NEWS AND COMMENT-WETUMPKA, ALABAMA, USA: When I read this story, like any other person who appreciates the work of volunteers carrying out TNR programs, I became angry. Angry at the injustice of it. Angry at the senselessness of it and what appears to me to be an abuse of authority. And what a waste of time and resources.
A couple of police officers attached to the Wetumpka Police arrested Mary Alston, 60, and Beverly Roberts — an 84-year-old, disabled veteran, who were in their cars and in the process of trapping feral cats on public land.
I presume that “public land” refers to land upon which the public can walk and have access to. But they were arrested for trespassing which is not a criminal offence per se. The article is not clear, but they must have been arrested ostensibly for trespassing and nuisance, a form of aggravated trespass but TNR programs are not a nuisance unless the police want to deem them to be a nuisance, but I have never heard of that before.

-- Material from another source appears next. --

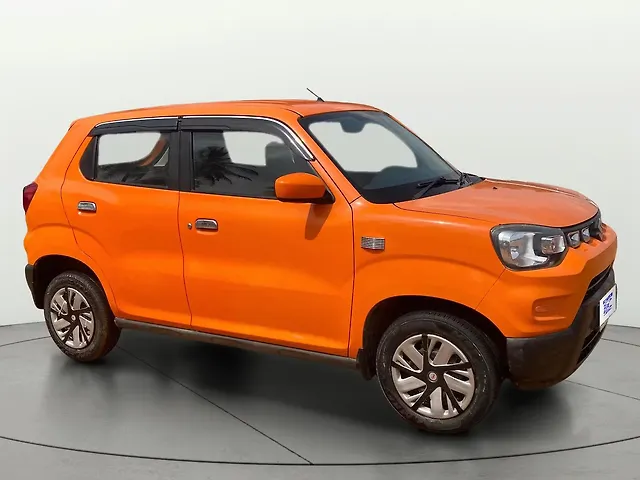 Used 2019 Maruti Suzuki S-Presso in Bangalore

On the face of it the police were overstepping their area of jurisdiction because this was not a criminal matter. I know I have repeated myself but I’m bemused as to why the police were involved in the first place.
The Wetumpka Police Chief Greg Benton said that his police officers were “within policy”. I take this to mean that they were acting legally which surprises me.

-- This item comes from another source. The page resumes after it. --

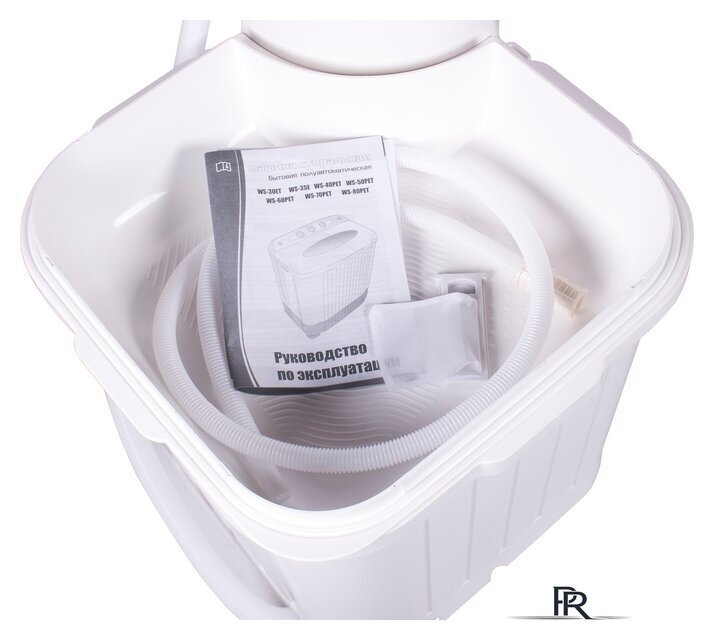 Активаторная стиральная машина Evgo WS-35E - Изображение №9 — Интернет-магазин ПроЗаказ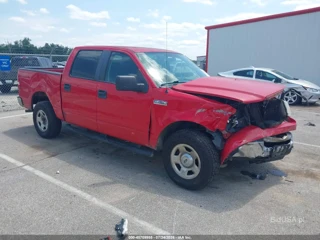 FORD FORD F-150 XLT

Apparently, there is nothing in local or state law which stops volunteers from feeling cats or operating TNR programs in this area.
Mary Alston was charged with criminal trespass and obstructing government operations. That’s ironic because it looks as though she’s been charged with arguing with police officers. If that’s true this is a self-serving arrest because the police officers caused the alleged misconduct. The reference to “criminal trespass” is also bemusing because feeding and trapping cats is not a criminal matter as I just dated. Neither is trespassing. Trespassing is a civil matter which can be dealt with in the civil courts by the individual who owns the land.
Beverly Roberts was charged with criminal trespassing and disorderly conduct. Once again, the “disorderly conduct” refers to her reaction to the intervention by the police officers. So the police officers caused the alleged disorderly conduct and it wasn’t disorderly because she was simply stating her case and fighting for her rights.
As you can see in the video which is from a body camera on one of the officers, they were handcuffed, and the police officers became angry and said that matters would become ugly unless they obeyed their orders promptly.
It looks like pure bullying to me from a couple of objectionable police officers who overstepped the mark.
The ladies were threatened with jail and then went to jail. Both of them spent several hours in the Elmore County jail. Apparently Roberts passed out because she was so upset (Tuscaloosa News report).
Often, city administrators and county councils work with TNR volunteers to stabilise feral cat numbers. It is a beneficial process for a community. They do good work but this couple of ladies were deemed to be criminals in doing good work. That’s the point that one of them made to one of the police officers but they weren’t listening.
It looks to me like the police officers simply didn’t like elderly ladies trying to improve the lives of feral cats and they had it in for them. And what is also objectionable to me, an observer, is that you can’t talk and discuss matters with police officers in this mood. They demand that their orders are followed promptly and to the letter. There is no discussion. They don’t listen. They are bullies and it doesn’t matter to them whether they are bullying a young man or an elderly lady.